The Pagos SpreadsheetWEB API is designed to execute spreadsheet calculations in a stateless manner where it can be utilized as a back-end calculation engine for applications with moderate-to-large user concurrency. In this article, we aim to compare SpreadsheetWEB’s performance with two other well-known web-based spreadsheet software platforms: Microsoft’s Office 365 Excel and Google Sheets.

Microsoft Office 365 Excel and Google Sheets play a vital role for the data processing needs of many enterprise and professional software solutions because their powerful and flexible features – such as formulas, calculations, and quick modelling potential – provide their user base with the means to generate calculation-driven applications with ease. It is also common practice for these users to utilize the built-in calculation logic offered by the Microsoft Office 365 Excel and Google Sheets platforms to handle their general business requirements, such as managing and maintaining their financial, accounting, planning, and forecasting objectives.

However, the task of seamlessly and accurately integrating your existing applications with these Excel/Spreadsheet-based calculation models is not a trivial one since this type of integration requires extensive research to provide the best possible solution prior to allocation of costly development resources. Therefore, we are providing a performance comparison of the calculation APIs for Pagos SpreadsheetWEB, Google Sheets, and Microsoft Office 365 Excel in this study:

  • We provide insights into how developers interact with these three platforms to run a model and retrieve output values from the spreadsheet model.
  • We show performance metrics in the form of response time across the three platforms and validate the accuracy of the calculated output.

Testing Methodology

For the purposes of this case study, we tested the following three platforms:

  1. Pagos SpreadsheetWEB accessed via the SpreadsheetWEB API [1]
  2. Google Sheets accessed via Google Sheets API [2]
  3. Microsoft Office 365 Excel accessed via Microsoft Graph API [3]

The Pagos SpreadsheetWEB API is one approach that allows developers to connect to their spreadsheets programmatically and use them as calculation engines through a set of exposed API methods. Developers send POST and GET requests to the exposed methods via the RESTful API to set values to in the target workbook and retrieve the calculated results. In the Pagos SpreadsheetWEB API, a single API call is sufficient to pass the inputs to the spreadsheet model and retrieve the outputs of the model after the calculation logic in the spreadsheet model is executed by the calculation engine.

The Google Sheets API enables developers to programmatically access and manipulate their Google spreadsheets, which are hosted on Google Drive. The Google Sheets API requires two operations to receive the final calculation output from the model in the spreadsheet: (1) an operation to write the values into the input cells and (2) an operation to read the values from the cells where the calculation logic stores output. Therefore, we provide aggregate response time values for both write and read operations in the experimental results section below.

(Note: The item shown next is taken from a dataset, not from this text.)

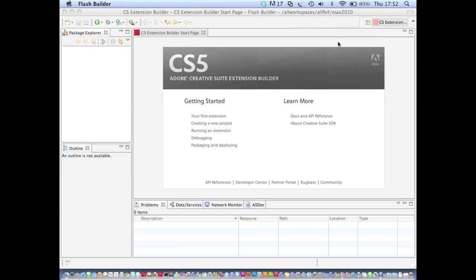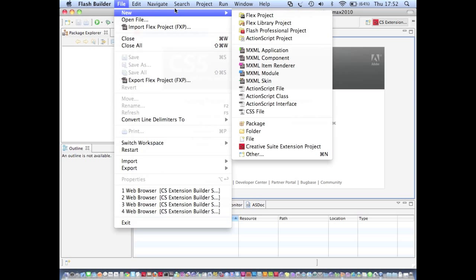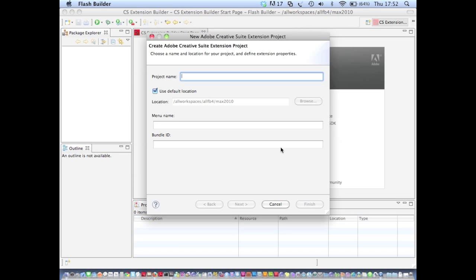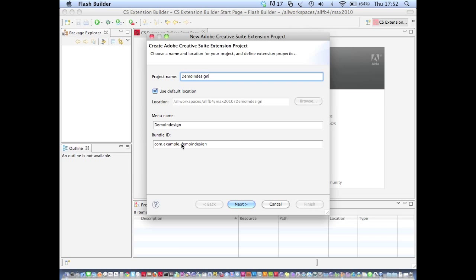As before, you can see I'm currently running Flash Builder 4 with the Extension Builder plugin installed. To create a new extension project I go to File, New, Creative Suite, Extension Project. This time let's try creating an InDesign extension. We'll call our project Demo InDesign and Extension Builder generates a menu name and an extension ID for us.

Microsoft Graph API is a gateway for various Microsoft products such as Azure Active Directory (AD), Excel, Outlook, and OneDrive through a single endpoint (https://graph.microsoft.com). It allows developers to make calls to the underlying cloud services after authentication through OpenID Connect and OAuth, as provided by the Azure AD service. Like Google Sheets, the Microsoft Office 365 API also requires to make two separate calls to generate the calculated output: a write operation to set the values and a read operation to retrieve the output.

Having two separate API calls to achieve one operation may lead to some anomalies and result in inaccurate and inconsistent values during concurrent user scenarios. In other words, a user may get the results of another user’s inputs, depending on the order in which the requests are processed. The only way to resolve this concurrency issue is to place locks around consecutive user calls.

To test the response time and accuracy of the calculation results, we followed these three test scenarios: (1) single user, (2) five users, and (3) twenty-five users, each sending 20 different sequential requests.  The spreadsheet document (9.5 MB) comprises of a model that calculates the shipping cost of a package based on weight,  originating zip code, and destination zip code.

Experimental Setup

The experiments were conducted from an Amazon AWS environment. Table I provides the hardware and software configuration of the virtual machine where the requests to each endpoint were initiated.

Table I – Hardware and Software Configuration of the Virtual Machine Where the Requests to the APIs Were Initiated

vCPU  4
Memory  16 GB
Hard Disk (SSD)  30 GB
Processor Type & Speed  2.3 GHz Intel Xeon® E5-2686 v4 (Broadwell) processors or 2.4 GHz Intel Xeon® E5-2676 v3 (Haswell) processors
Operating System  64 Bit Windows Server 2012 R2 (ami-1562d075)
Virtualization Mode  HVM
Instance Type  Dedicated – m4.xlarge
Data Center Location  US-West (Oregon)
Availability Zone  us-west-2a

 

A dedicated instance was used, rather than on-demand instance, to post the API requests in order to minimize the resource contention between the virtual machines running on the same host machine. Dedicated instances in the Amazon AWS environment run on single-tenant hardware dedicated to a single customer. This can be interpreted as a testbed (i.e. virtual machine) that is physically isolated from other customer instances on the same host hardware.

Experimental Results

In this section, we provide the results of these performance tests, including the average response times  and output accuracy ratio for the three aforementioned user count scenarios. Again, it should be noted that the Pagos SpreadsheetWEB API requires a single API call for each operation, whereas Google Sheets and Microsoft Office 365 Excel API require two separate API calls (one for writing inputs and the other for retrieving the calculated outputs). As a result, the average response times for Google Sheets and Microsoft Office 365 Excel in Figure 1 and Figure 2 represents the aggregate of both write and read operations.

ResponseTimev2

Figure 1 – Comparison of Average Response Time Versus Concurrent User Count for 20 Sequential Requests

Figure 1 shows the comparison of average response time versus concurrent user count, where each concurrent user is sending 20 sequential calculation requests. Pagos SpreadsheetWEB provides the better average response time against Google Sheets and Microsoft Office 365 Excel.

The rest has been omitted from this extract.